__Given data__
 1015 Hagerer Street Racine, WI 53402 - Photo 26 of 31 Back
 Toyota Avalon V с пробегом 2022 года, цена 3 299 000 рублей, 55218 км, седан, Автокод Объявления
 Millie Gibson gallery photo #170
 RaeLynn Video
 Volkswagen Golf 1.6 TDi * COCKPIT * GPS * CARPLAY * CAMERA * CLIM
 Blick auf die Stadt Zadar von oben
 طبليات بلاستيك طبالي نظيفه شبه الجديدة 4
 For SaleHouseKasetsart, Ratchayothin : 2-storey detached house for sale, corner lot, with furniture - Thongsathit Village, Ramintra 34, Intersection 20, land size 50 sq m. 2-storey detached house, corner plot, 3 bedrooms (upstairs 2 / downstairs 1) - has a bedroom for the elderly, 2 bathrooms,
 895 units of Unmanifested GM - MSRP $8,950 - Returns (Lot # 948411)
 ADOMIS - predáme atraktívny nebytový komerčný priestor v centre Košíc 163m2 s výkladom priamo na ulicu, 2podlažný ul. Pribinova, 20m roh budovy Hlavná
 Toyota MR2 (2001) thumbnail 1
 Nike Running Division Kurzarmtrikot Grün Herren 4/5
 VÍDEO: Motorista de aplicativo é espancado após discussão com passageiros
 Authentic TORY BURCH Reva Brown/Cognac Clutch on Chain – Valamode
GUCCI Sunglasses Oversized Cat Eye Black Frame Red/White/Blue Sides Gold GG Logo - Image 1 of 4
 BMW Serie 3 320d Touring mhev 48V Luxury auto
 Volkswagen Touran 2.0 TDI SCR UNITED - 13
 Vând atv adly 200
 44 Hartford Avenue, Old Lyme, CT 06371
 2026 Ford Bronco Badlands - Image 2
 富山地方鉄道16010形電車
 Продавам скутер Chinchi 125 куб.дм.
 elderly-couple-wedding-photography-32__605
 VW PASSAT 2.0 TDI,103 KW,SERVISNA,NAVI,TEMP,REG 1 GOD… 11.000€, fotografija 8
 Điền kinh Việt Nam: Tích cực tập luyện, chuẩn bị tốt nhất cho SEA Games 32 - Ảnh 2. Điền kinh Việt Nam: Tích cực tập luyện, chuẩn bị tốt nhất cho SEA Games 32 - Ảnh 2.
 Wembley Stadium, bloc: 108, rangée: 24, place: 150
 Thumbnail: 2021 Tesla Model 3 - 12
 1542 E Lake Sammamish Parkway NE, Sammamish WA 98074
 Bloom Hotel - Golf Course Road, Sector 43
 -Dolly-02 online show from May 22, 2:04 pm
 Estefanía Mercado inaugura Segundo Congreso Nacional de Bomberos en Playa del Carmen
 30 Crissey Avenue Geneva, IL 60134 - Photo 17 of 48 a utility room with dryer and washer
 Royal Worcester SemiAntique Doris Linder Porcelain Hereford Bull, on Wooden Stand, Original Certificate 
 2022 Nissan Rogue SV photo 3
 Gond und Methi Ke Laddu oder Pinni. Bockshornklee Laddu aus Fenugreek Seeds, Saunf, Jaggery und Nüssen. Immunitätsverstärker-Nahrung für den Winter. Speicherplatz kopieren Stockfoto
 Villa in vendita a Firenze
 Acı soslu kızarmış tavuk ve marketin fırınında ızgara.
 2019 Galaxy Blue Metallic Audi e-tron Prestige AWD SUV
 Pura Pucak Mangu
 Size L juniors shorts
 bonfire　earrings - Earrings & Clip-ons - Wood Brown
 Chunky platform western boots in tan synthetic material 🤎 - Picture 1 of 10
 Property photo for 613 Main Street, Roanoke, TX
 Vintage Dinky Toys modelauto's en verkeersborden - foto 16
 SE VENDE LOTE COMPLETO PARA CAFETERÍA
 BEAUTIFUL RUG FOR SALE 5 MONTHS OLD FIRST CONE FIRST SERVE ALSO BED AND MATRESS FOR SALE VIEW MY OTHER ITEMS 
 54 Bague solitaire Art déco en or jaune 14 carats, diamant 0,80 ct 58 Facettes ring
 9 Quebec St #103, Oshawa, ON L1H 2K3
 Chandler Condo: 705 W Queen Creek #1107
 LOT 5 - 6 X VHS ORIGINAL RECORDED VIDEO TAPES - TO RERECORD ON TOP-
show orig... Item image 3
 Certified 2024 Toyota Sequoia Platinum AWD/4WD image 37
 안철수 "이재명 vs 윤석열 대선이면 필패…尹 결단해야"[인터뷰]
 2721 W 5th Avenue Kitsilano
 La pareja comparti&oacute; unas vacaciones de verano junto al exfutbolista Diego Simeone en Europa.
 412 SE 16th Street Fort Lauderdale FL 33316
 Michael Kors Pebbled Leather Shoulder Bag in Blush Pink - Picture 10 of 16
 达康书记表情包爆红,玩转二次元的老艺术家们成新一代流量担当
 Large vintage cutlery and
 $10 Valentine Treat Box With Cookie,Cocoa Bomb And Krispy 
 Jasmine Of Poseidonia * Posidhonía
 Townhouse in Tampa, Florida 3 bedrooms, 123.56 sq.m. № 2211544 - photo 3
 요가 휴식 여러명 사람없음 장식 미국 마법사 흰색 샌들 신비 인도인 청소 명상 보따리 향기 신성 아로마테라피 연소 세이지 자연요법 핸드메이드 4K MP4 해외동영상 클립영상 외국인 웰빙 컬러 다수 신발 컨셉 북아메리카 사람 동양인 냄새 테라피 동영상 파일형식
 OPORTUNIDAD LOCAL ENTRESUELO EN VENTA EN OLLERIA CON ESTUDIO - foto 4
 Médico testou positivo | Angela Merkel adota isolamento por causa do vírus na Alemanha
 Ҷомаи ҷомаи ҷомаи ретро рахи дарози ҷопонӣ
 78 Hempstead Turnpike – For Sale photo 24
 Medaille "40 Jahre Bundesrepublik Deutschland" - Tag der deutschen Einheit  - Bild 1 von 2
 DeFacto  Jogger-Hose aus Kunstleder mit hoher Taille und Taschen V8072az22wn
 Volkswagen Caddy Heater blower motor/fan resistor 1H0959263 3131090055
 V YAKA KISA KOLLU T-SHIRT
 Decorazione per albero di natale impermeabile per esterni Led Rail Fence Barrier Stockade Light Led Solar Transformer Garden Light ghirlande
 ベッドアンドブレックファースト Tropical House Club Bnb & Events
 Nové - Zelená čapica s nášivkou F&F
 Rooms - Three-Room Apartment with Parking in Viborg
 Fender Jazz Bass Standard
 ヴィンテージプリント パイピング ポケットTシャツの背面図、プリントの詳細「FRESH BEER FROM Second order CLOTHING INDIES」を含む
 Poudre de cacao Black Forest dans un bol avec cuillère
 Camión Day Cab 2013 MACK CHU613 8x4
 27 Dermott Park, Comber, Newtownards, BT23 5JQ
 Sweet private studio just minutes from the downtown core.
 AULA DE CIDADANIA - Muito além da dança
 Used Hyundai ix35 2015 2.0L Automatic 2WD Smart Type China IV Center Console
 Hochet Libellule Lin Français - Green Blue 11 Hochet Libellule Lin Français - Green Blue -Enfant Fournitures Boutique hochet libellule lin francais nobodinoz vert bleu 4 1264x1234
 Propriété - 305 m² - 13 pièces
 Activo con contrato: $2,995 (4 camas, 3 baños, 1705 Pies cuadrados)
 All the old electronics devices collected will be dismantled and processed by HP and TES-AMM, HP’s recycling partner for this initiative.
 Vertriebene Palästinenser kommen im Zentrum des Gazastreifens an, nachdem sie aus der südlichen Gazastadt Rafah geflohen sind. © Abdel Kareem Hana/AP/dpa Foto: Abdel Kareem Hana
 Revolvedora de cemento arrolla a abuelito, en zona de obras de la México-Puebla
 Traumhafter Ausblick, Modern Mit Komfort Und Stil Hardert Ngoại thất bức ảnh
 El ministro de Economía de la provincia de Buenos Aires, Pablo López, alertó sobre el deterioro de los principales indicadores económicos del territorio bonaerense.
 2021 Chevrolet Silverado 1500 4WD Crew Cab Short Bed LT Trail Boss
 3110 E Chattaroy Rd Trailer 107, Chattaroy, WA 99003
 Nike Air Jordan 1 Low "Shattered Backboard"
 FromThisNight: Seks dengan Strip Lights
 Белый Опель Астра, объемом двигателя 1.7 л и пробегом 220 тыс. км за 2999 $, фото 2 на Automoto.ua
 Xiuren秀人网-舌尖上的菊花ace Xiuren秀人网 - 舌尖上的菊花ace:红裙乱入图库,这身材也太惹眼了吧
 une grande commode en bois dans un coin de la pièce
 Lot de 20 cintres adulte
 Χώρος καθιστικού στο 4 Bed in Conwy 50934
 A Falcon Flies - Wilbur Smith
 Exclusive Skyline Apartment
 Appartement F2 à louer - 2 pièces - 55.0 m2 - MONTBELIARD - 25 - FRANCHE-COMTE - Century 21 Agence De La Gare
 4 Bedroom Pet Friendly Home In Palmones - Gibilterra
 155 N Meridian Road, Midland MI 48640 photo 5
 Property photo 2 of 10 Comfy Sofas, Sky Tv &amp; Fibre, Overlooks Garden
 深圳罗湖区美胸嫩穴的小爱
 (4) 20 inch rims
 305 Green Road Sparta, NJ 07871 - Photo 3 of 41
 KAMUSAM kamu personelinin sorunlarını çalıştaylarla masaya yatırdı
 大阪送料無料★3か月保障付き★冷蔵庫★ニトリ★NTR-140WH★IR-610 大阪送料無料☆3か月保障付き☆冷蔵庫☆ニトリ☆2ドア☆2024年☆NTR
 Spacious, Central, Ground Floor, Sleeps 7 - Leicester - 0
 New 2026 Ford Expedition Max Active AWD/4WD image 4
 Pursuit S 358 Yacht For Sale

__Activity__
Your job is to copy out every line from the records above that has the word "Road".

__Task solution__
 Bloom Hotel - Golf Course Road, Sector 43
 155 N Meridian Road, Midland MI 48640 photo 5
 305 Green Road Sparta, NJ 07871 - Photo 3 of 41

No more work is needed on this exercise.